In the ‘Great Game’ played by the world’s great powers, both Modi and India are late entrants, though it will be a fair bet to say that India has “arrived” and part of the credit goes to Modi. Then again, Narendra Modi’s ascendancy on the world stage is an adjunct to Chinese President Xi Jinping setting his eyes on taking China to the role of sole superpower. History will remember Modi as a contemporary of ‘Xi the Great’, not the other way round.
Which brings us to the Modi-Putin meeting. There are always positive vibes whenever India and Russia talk. The vibes go back to the Soviet era. Even when India was non-aligned, India was a friend of the Russians.
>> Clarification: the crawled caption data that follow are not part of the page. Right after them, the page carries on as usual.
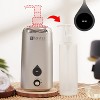 Master Massage Gen-II Single Bottle Oil Warmer, Sleek, Modern Design with 1 Bottle - 4 of 4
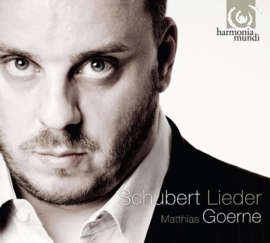 Matthias Goerne  - Schubert: Lieder | 11CD boxset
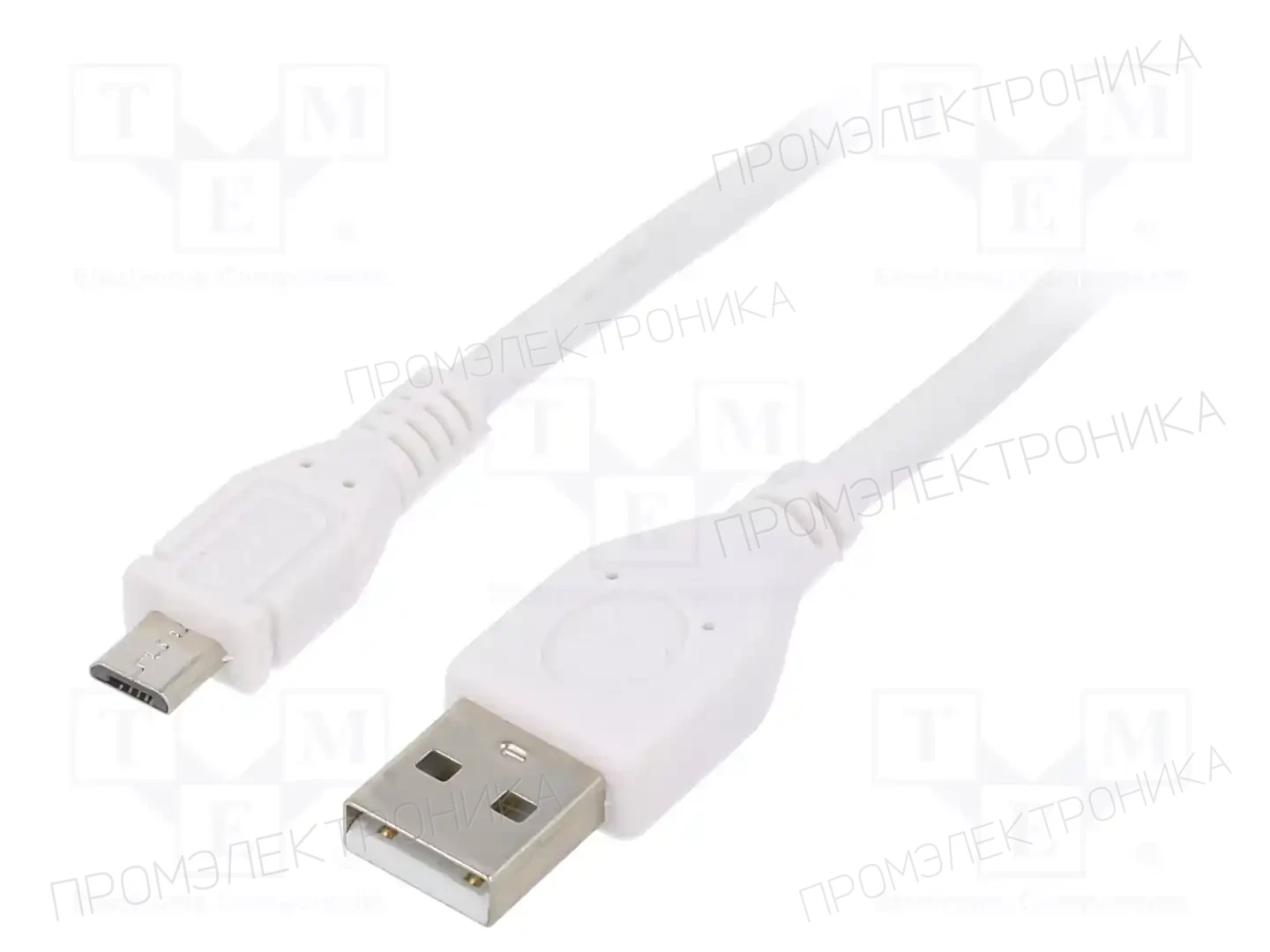 GEMBIRD CCP-MUSB2-AMBM-W-10 — Кабели и адаптеры USB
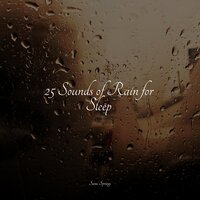 Deep White Noise Rain Umbrella - Relaxing Nature Music & Yoga Trainer & Rising Higher Meditation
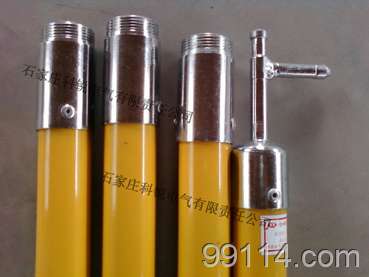 絕緣拉桿使用注意事項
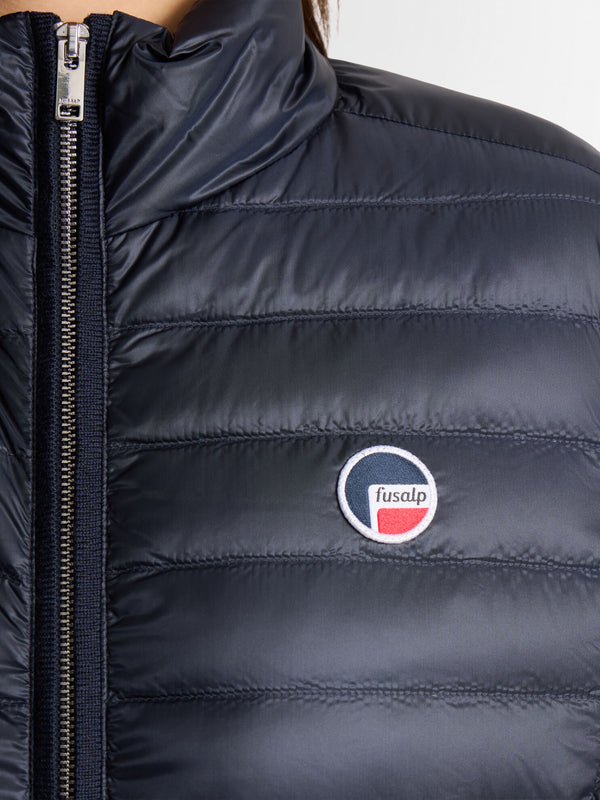 NIVORA SLEEVELESS JACKET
The US had chosen its ally in the subcontinent, Pakistan.
Today it’s a different world, with a declining United States and a rising China. Putin’s Russia hovers dark and deadly. The Americans can’t place Russia with any degree of surety. China, however, believes it’s got Russia’s number, so to speak. But, of the three, Russia is the only one which thinks and understands “multipolar.” As far as India is concerned, Russia has always played fair. It is important it stays that way.
Russia also leaves China to its devices so long as China does not step on Russia’s toes. But to India’s chagrin, Russia riled India by staying aloof when India and China had their tantrums—whether it was Doklam or Galwan. Of late, Russia is also excruciatingly pro-Pakistan.
Which leaves India—the “emerging power”—angling to be counted. India is like the salmon, swimming against the flow. And China has got a head start! Then again, India is in China’s neighbourhood and India is big and second only to China in population. India makes China nervous.
Doklam and Galwan—and Arunachal Pradesh, China won’t leave India alone. And then when India and the US get together, China complains that the West is trying to turn “friendly Asian neighbours” into deadly foes. There is a 50:50 chance that the China-United States rivalry will drive India into the vortex of a war-like situation.
Also, with apologies to Prime Minister Narendra Modi and External Affairs Minister S Jaishankar, India is far from being an “emerging superpower.” India’s location on the map may give India a certain placing in the ‘Great Game’ being played in Afghanistan, but India cannot afford to take risks. The bottom-line: The United States cannot be believed, China cannot be trusted—and Pakistan, in the peripheral vision, will, given the chance, stab.
Only Russia, erstwhile Soviet Union—friend and ally for decades—looks trustworthy. India and Russia the other day signed a 10-year security pact. India will soon get delivery of the S-400 systems—US sanctions be damned. And joint production of AK-203 rifles will begin soon in poll-bound Uttar Pradesh.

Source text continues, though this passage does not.